It is noted that the first affinity ligand and the second affinity ligand can have an affinity for the target molecule that is sufficiently high to generate crosslinks that are strong enough to change a volume of the hydrogel network where sufficient crosslinks are present. However, the affinity of the first affinity ligand and the second affinity ligand for the target molecule can also be sufficiently low that the crosslinks can be reversible. For example, as a general guideline, suitable dissociation constants (K_d) for these aptamers can range from 500 μM to 0.1 nM.
A detector can be positioned to detect changes in volume of the crosslinked hydrogel network based on formation and dissociation of reversible crosslinks with the target molecule. A variety of suitable detectors can be used. Non-limiting examples of suitable detectors can include optical detectors, pressure detectors, magnetometers, the like, or a combination thereof.
For example, FIG. 3 illustrates a hydrogel sensor device 301 including a housing 360 and a plurality of crosslinked hydrogel networks 300A, 300B, 300C respectively associated with individual detectors 350A, 350B, 350C. As an inline sensor, an inlet 370 can be oriented to accept incoming fluids to allow fluids to fluidly contact individual hydrogel networks. Fluids can then exit the housing via outlet 372. In further detail, magnetometer 350A can be positioned to detect a volume change in crosslinked hydrogel network 300A. More specifically, crosslinked hydrogel network 300A can be coupled to a metal sheet 352A. Changes in volume of crosslinked hydrogel network 300A, based on a local concentration of the target molecule, can change a distance 358A between the metal sheet 352A and the magnetometer 350A. These changes in distance 358A between the metal sheet 352A and the magnetometer 350A can be detected by magnetometer 350A and correlated to a local concentration of the target molecule. Additional examples and details of magnetometers can be found in U.S. patent application Ser.
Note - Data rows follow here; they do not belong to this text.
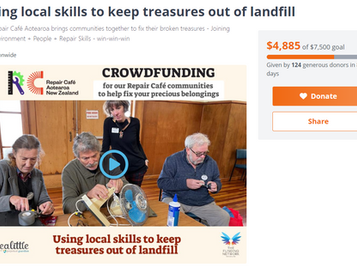 Crowdfunding Campaign Update: 1 week to go! | Goal update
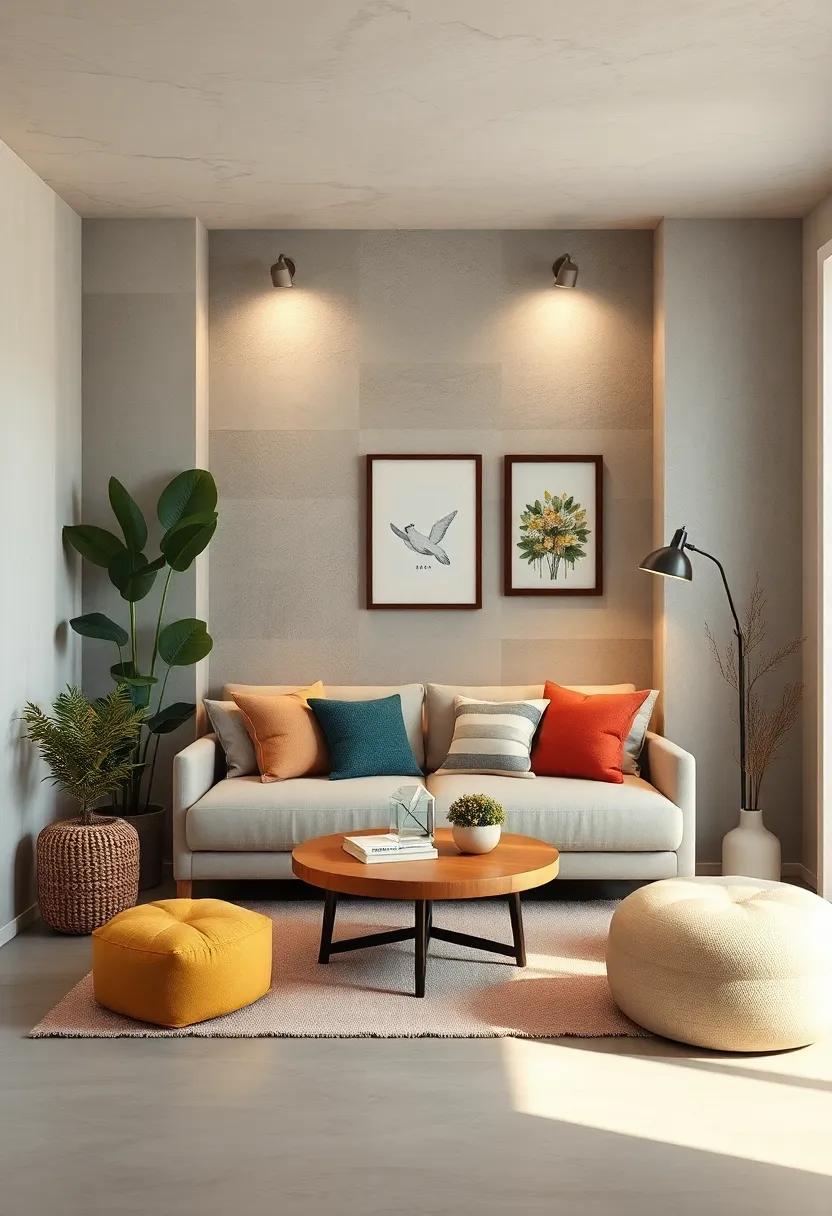 Create a Cozy Reading Nook with Cushions and Lighting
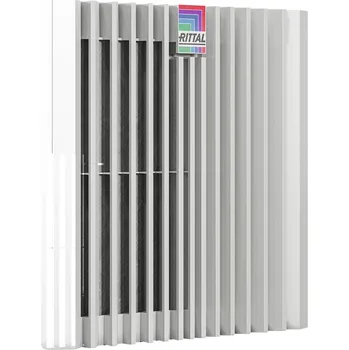 Průmyslový ventilátor Rittal SK 3240.400 výstupní filtr (š x v x h) 255 x 255 x 45.2 mm 1 ks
No. 15/006,172, filed Jan. 26, 2016, which is incorporated herein by reference.
Similarly, pressure sensor 350B is positioned to detect changes in volume of crosslinked hydrogel network 300B. For example, detector 350B can represent a strain gauge coupled to the crosslinked hydrogel network 300B such that a change in volume of the crosslinked hydrogel network 300B can impose a detectable stress on pressure detector 350B. The degree of stress detected by the pressure detector 350B can be correlated to a local concentration of the target molecule. Non-limiting examples of pressure sensors can include piezoresistive strain gauges, capacitive pressure detectors, electromagnetic pressure sensors, piezoelectric pressure sensors, strain gauges, potentiometric pressure detectors, the like, or a combination thereof.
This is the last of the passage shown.